# Multitool Table saw/Router with homebuilt incremental fence plans



## srfrancis (Feb 15, 2016)

Came up with a multifunction table plan trying to focus on accuracy, space, and mobility. I'm active duty mil, so it had to move and have some storage for anything related to the tools in it. Long term goal is to get into surf board building, so needed a few weird ones compared to most tool setups. Please feel free to criticize and point out any problems. Trying to prototype as much as possible before laying out the cash for the 8020, most likely tnutz.


















Construction is 10 series 8020 except the rail/fence which is 15 series, more on that later. Spacing panels are filled in with 1/4" plywood or grooved 1/2"+ for panels that will mount drawers. That should be braced well enough to avoid using lots of gussets, etc. and prevent any significant flex. Tools include Delta 36-725 table saw stripped, Triton 3.25HP router, Bosch jigsaw, and Angled/Horizontal Router using a Makita 2.25hp motor. Bottom space with hold space for jigs, sleds, the fence, etc. Whats missing due to lack of skills with sketchup, the drawers, piping and electrical, and router plates. Dimensions are roughly 40" wide with rail, 76" long, and counter height of ~40".









Table saw:
It has been stripped as the arbor is mounted to the top, tilt wheel reinstalled to left side. Miter rails extended. Will ultimately be a fold down infeed, outfeed, and left sided table for panel work using 8020 as well. Just to right of table saw will be a pass through drawer for blades, zero clearance inserts, tools, and smaller jigs. Table saw top is two 0.5" layers of plywood, and then a 0.5" layer of phenolic plywood.
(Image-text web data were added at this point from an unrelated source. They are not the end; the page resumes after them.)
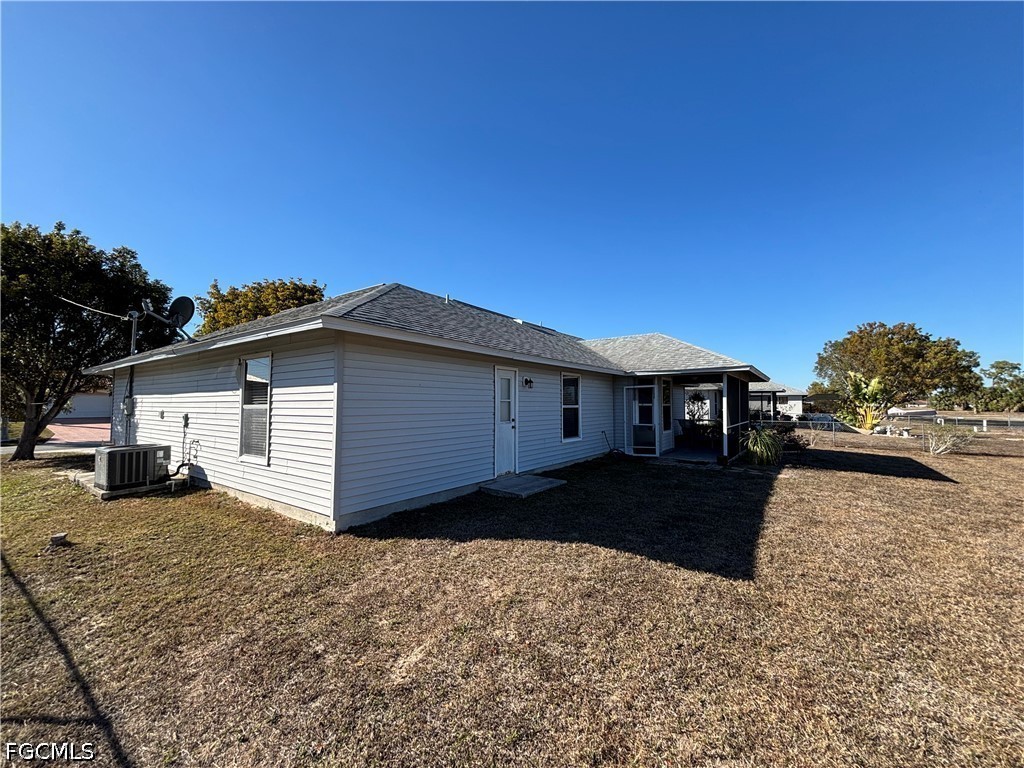 1213 SW 8th Place Cape Coral FL 33991 2026014441 image15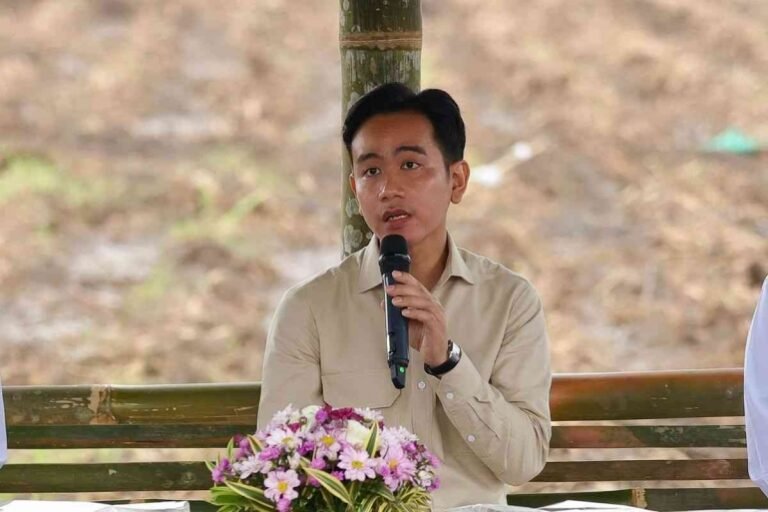 Pilpres Sudah Selesai, Mengapa Polemik Ijazah Gibran Terus Digulirkan?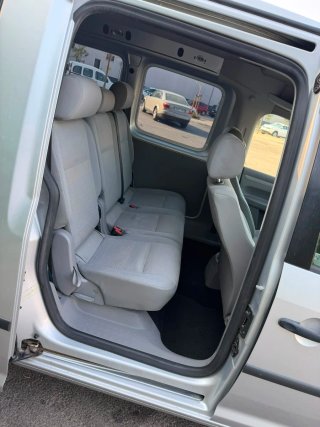 Volkswagen Caddy 2011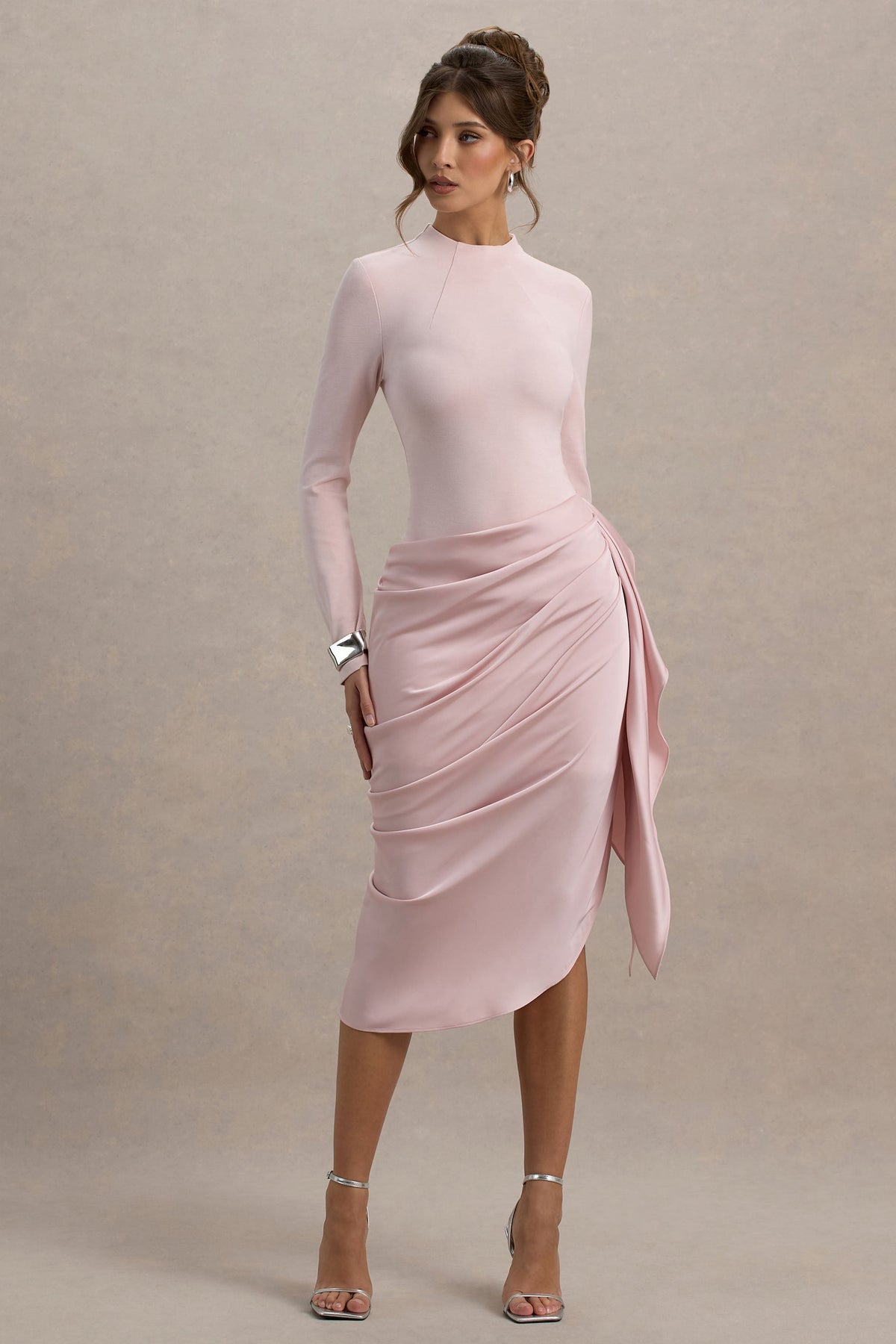 Raffie | Vestido Midi satinado rosa con mangas largas y drapeado lateral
Incremental fence: I think I figured out a way to beat the Incra fence to fix that long side extension. A 3/8" acme rod fits almost perfectly in the groove of a 15 series series extrusion but is protected. McMaster has a 16TPI x6ft for fairly cheap, as well as the left thread rods to mesh. Basically the rod is sealed into a 71" 15 series extrusion by end caps with HDPE. The ends will be ground down to mount an incremental knob as well as a ball detent to set. Theoretically 16 positions would get to 1/256" resolution with a error of 0.003 per foot. For compactness, the hinges ride on these which mount the fence. The other side has a rail with a repeat setup to trim it up separately for the router. The fence has two fences, a 1545 for the table saw, and a 1530 for the router. Theoretically there are 4 bearings to mount this with knobs on each side to lock. The threaded rod stop is fitted to a small piece of 1515 hinged and springed to press into the groove with the rod.

Jig saw is standard and plate mounted. Mostly to be used for cutting out rib templates.









Routers: The fence is build with 3030's and a space for suction, a hose attachment will plumb off the back. The horizontal combo router is interesting. The plate slides for the horizontal part, but enables adjusting to rail to sink with the other router when in vertical mode. It has a +50 to -50 angle flex in both modes. Theoretically this gives you a full range of -45 on the bottom face all the way to +45 on the edge, which is 180 degrees of angle coverage without having to reposition the piece. In front and behind the triton router is space for drawers for router bits, jig blades, and other fence attachments. The area around angle router is left open to adjust, as there are knobs rotating the platform, locking the angle, and locking the depth of cut.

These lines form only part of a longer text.